The ferry that took us to Koh Tao was, compared to the two before, pretty luxurious! It had proper seats, wasn’t made out of wood, had a bar to buy drinks and didn’t break your ear drums from the engine noise. A free hotel shuttle bus was already waiting for us at the pier which took us to our accommodation for the following five nights; Simple Life Resort which is located in the heart of Sairee Beach, the busiest part of the island, where all the fun stuff happens.

After dumping our bags, we decided to have a look around (at least I was exploring, Tom was pointing out places where he had dinner or lunch on his previous trip!). We headed to the beach and as we arrived we got to see an absolutely beautiful sunset of reds, oranges and purples. (Tom recognised the bar we were standing next to “Hey! We had drinks here on our last night! This is where we met that scottish bloke again! You need to take a picture of me for Porky!”.)

After dinner, we decided to head back to the Lotus beach bar and had a drink sitting on cushions in the sand. Shortly after three local guys started one of Koh Tao’s famous fire shows, twirling pois (paraffin dipped cages of wool on the end of chains) very impressively and rather dangerously close to people. They also included the audience and got Tom up to stand in formation with three others (don’t think he’ll start a career as a fire dancer anytime soon). They also got me to take part of an absolutely spectacular stunt (not the kiddy stuff Tom did!) where I had to bite one end of two tangled pois while the guy was holding on to the other end!

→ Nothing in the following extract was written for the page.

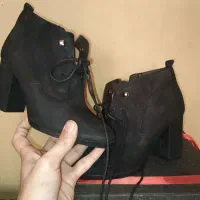 نیم بوت زنانه caprice تمام چرم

The island itself is rather touristy and quite built-up (although it’s still low season so not too busy) but is a pleasant change from the sleepy Koh Phayam.

Day two and we made a plan to rent a moped and properly explore the island. First we drove to Tao Thong on the south-western coast (these streets are something to get used to, some just turn to muddy ruts at one point, which makes them impassable on a moped) and as Tom got stuck two very nice Germans (we’re everywhere!) helped to lift the moped out. We then headed to June Juea Bay where we stopped at the View Point Resort for a refreshing glass of ice tea whilst enjoying the beautiful view across Chalok Baan Kao Bay. We next moved on to Freedom Beach which is said to be the most beautiful beach on the island. There is also a view point (John-Suwan Mountain Viewpoint) which overlooks the whole of Chalok Baan Kao, Thin Og bays and the hilly north, which we were determined to go to. We paid an entrance fee of 50 Baht each and started our way up. Arriving at the top a little out of breath (some more than others!), the absolutely awesome view made up for the very steep climb.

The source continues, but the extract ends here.